Colloque, 29 octobre 2010
Bouvard, Pécuchet et le «Garçon» sur «un plateau stupide» de Normandie ou Flaubert dans tous ses états liminaires
Du canal Saint-Martin qui ouvre le roman «farce» de Flaubert à Chavignoles, ce Clochemerle avant la lettre, le retrait studieux des deux compères s’inscrit expressément dans un cadre géographique dont la découverte du modèle, qualifié de «stupide» par le maître, sert littéralement de déclencheur à l’œuvre. C’est là que les deux «idiots» s’avèreront essentiellement périphèriques: loin de la métropole, suspendus dans un hors temps aux marges de la civilisation, toujours confinés au seuil de la science, bouseux d’honneur, ploucs par vocation, les compères découvrent l’éternelle liminalité de l’innocence et l’exotisme universel de l’amateur en vivant comme une passion ridicule la ruine ironique de l’honnête homme sous les restes duquel Falubert enterre aussi les Lumières. Au delà du kitsch sarcastique dont les accable l’auteur du Dictionnaire des idées reçues, c’est le désespoir foncier de «l’idiot de la famille» (Sartre) qui exprime ici son goût du dérisoire d’«aquaboniste» (Gainsbourg) distingué.

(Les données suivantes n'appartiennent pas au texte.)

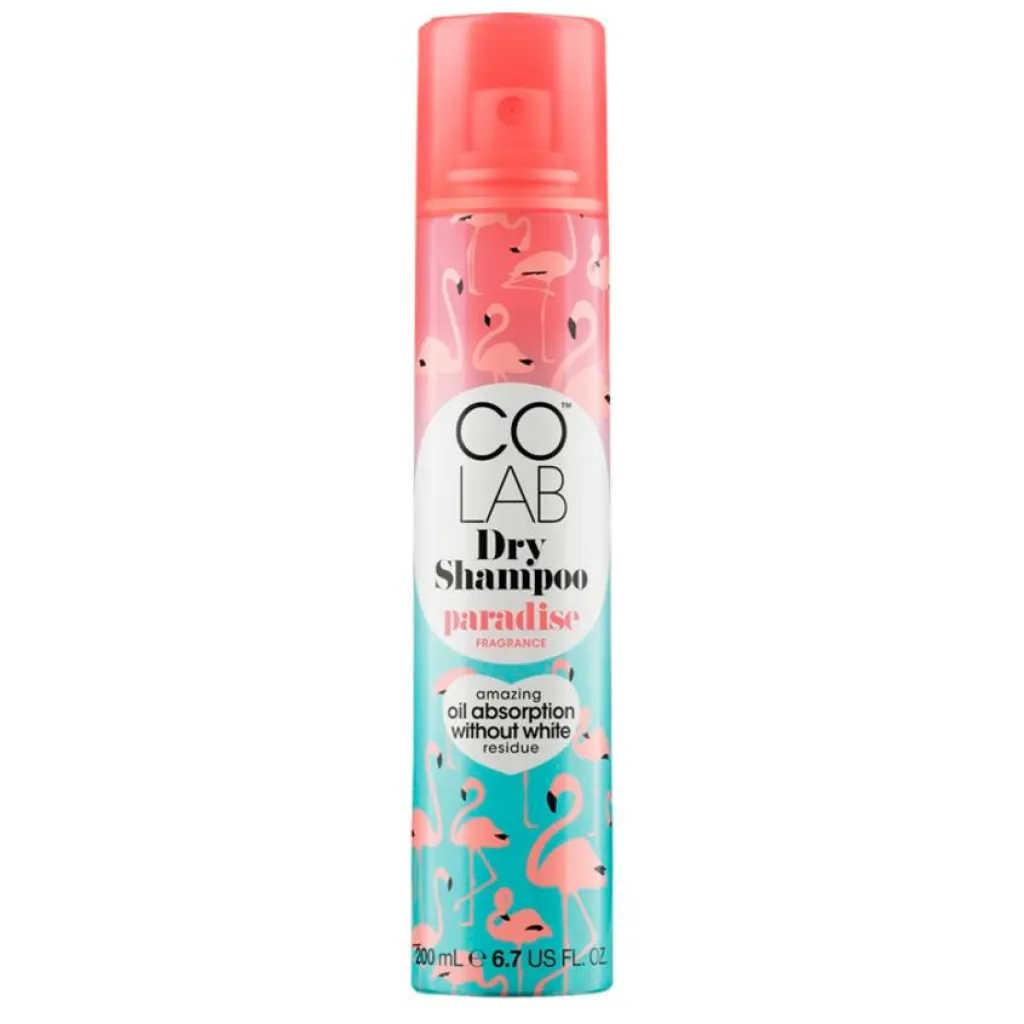 Colab Tørshampoo>Dry Shampoo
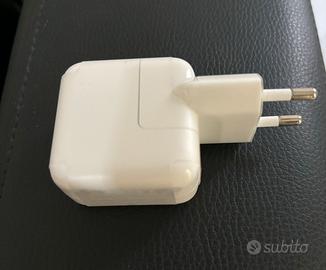 Caricatore USB originale apple incelophanato
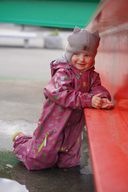 VINTERREGNDRESS SLAPS - LYNG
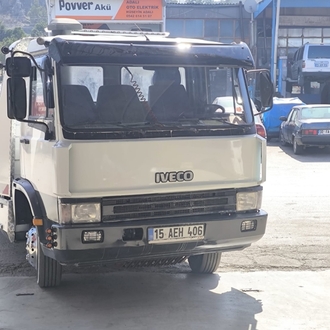 iveco 120 14 öncam güneşlik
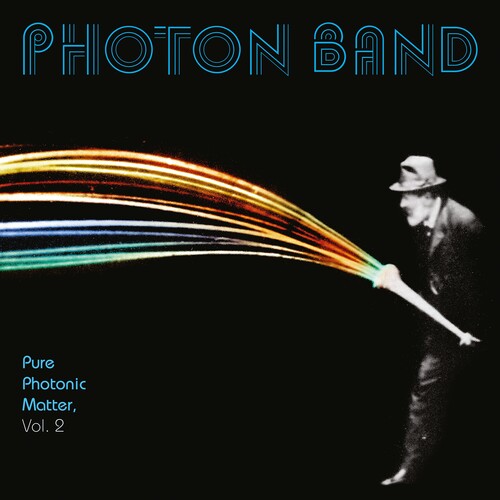 Photon Band - Pure Photonic Matter, Vol. 2 (Vinyl) { vinyl }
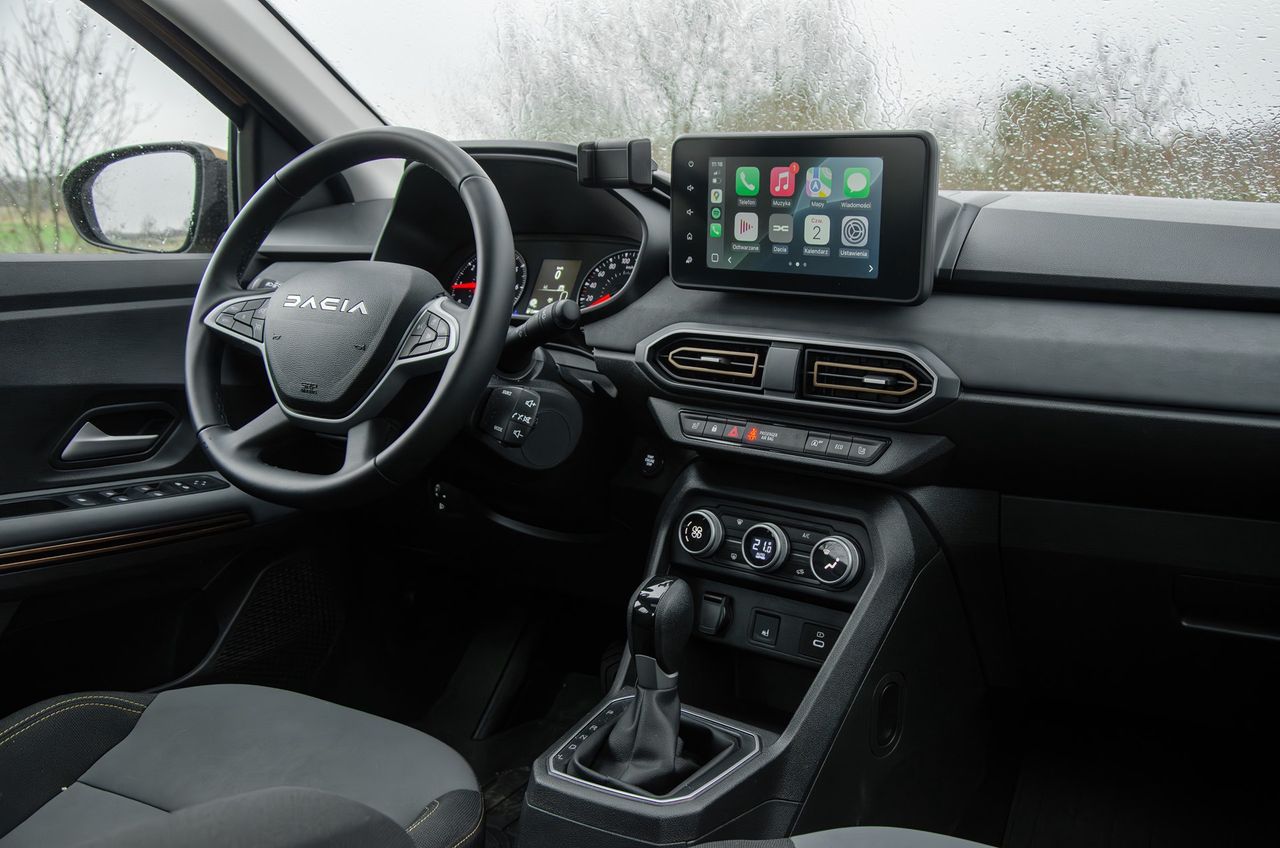 Dacia Sandero 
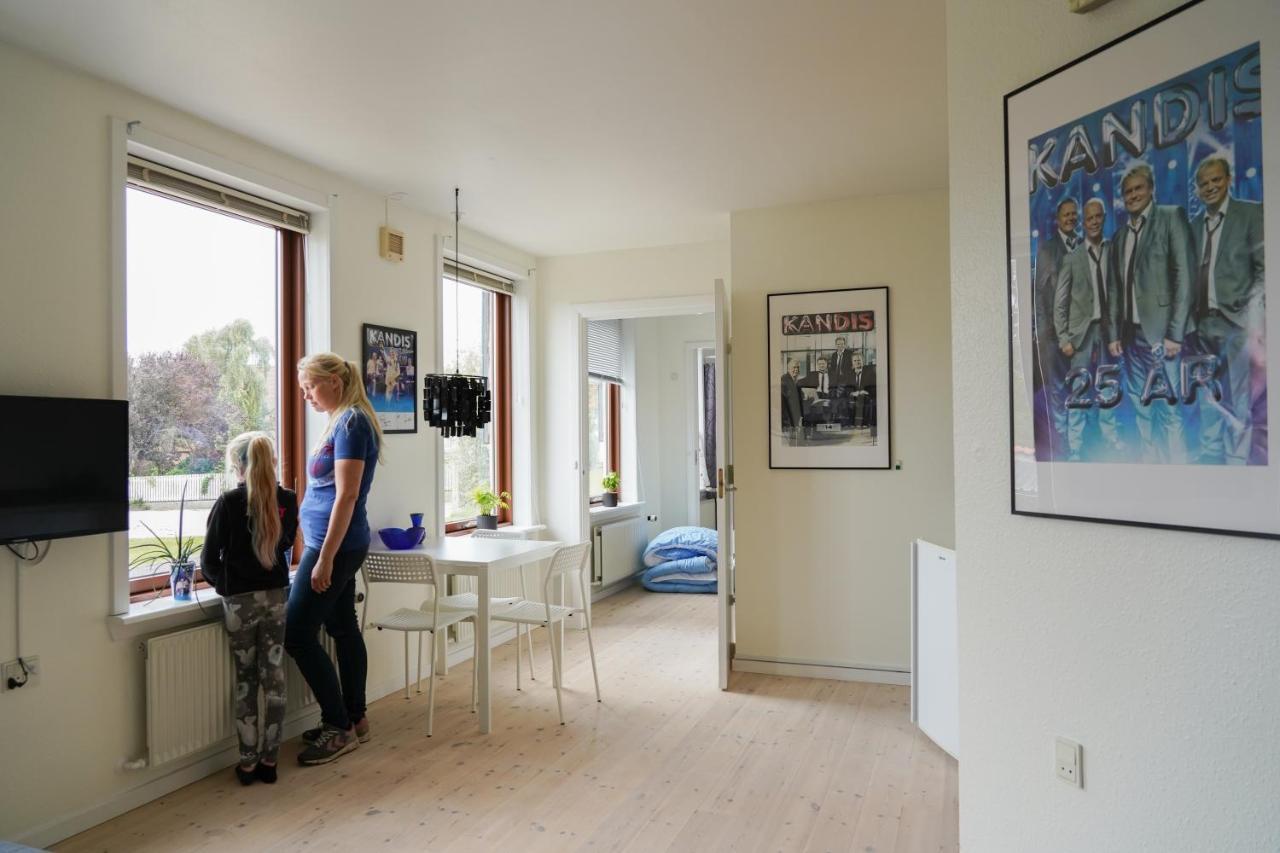 Feriehus Thy - I Hjertet Af Thy ทิสเตอด์ ภายนอก รูปภาพ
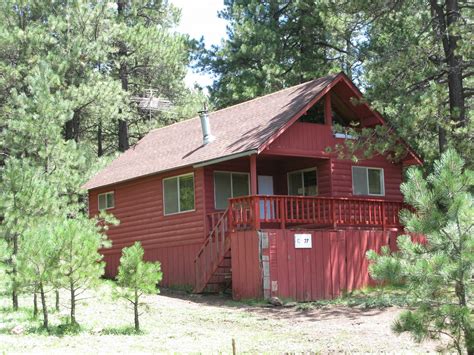 Hawley Lake: The C Cabins at Hawley Lake, Arizona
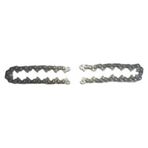 Tırpan Motoru Canavar Başlık Yedek Zinciri Pra-4104279-3092, One Size 2 Takım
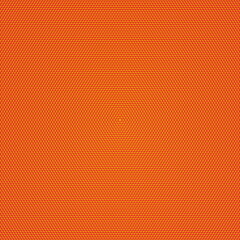 orange hexagons with purple edges that look like flowers digitally generated pattern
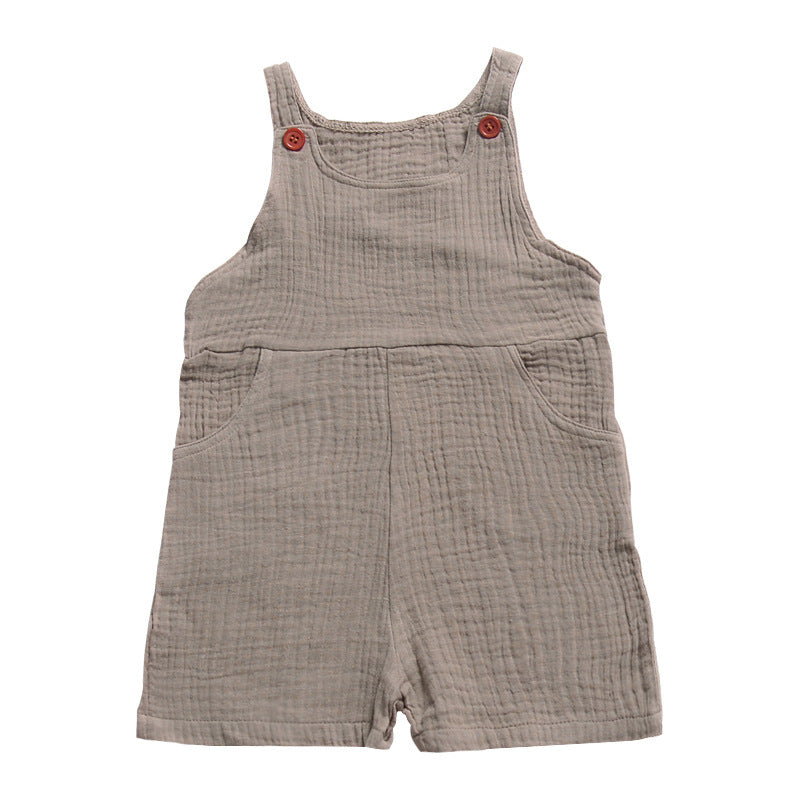 Baby Overall Suit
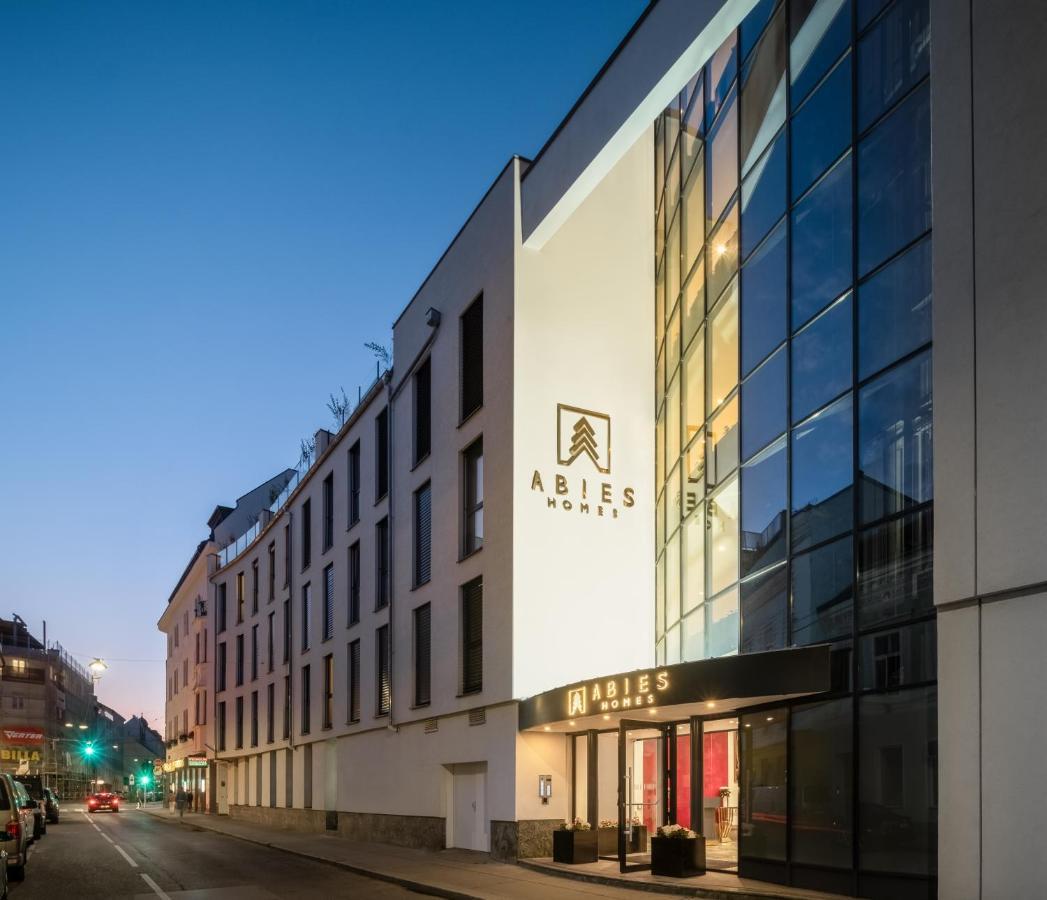 Abieshomes Serviced Apartments Schoenbrunn Vienna Esterno foto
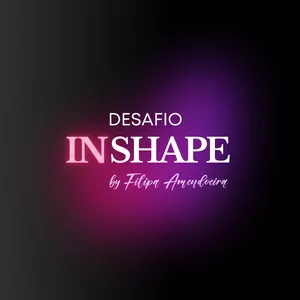 Imagem de capa para o Ebook Desafio In Shape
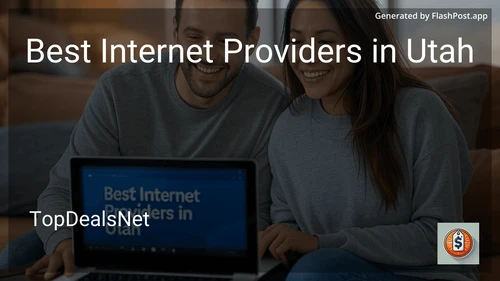 4 Best Internet Providers in Utah in 2025 image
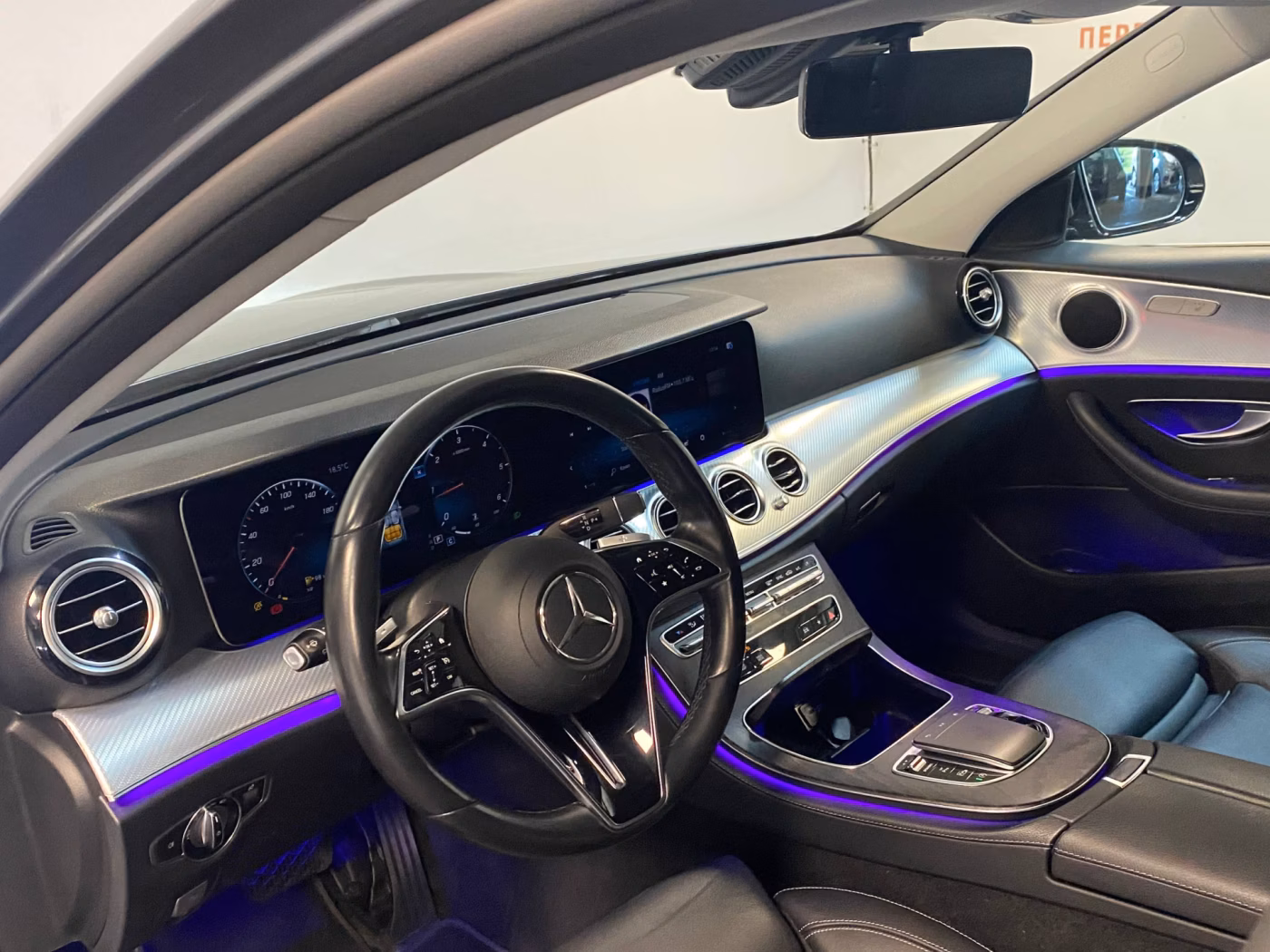 Mercedes-Benz E-Класс фото 8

On se propose d’étudier les mécanismes sémiotico-psychiques qui mettent en place, dans une topologie de l’impossible assimilation des mots à des choses qu’il faut broyer autant que magnifier dans le «gueuloir», la figure de Narcisse masochiste que toute sa vie et dans toute son œuvre le Garçon aura résolument composée comme une confidence informulable.
Portrait du périphérique en idiot assumé et joyeux ravage de toute centralité, c’est l’impossible coïncidence avec soi-même qu’en fin de compte Flaubert met peut-être en scène dans cette épopée burlesque menée effrontément avec toutes les ressources de son génie hargneux.
Jean-Pierre Vidal est professeur émérite de l’Université du Québec à Chicoutimi.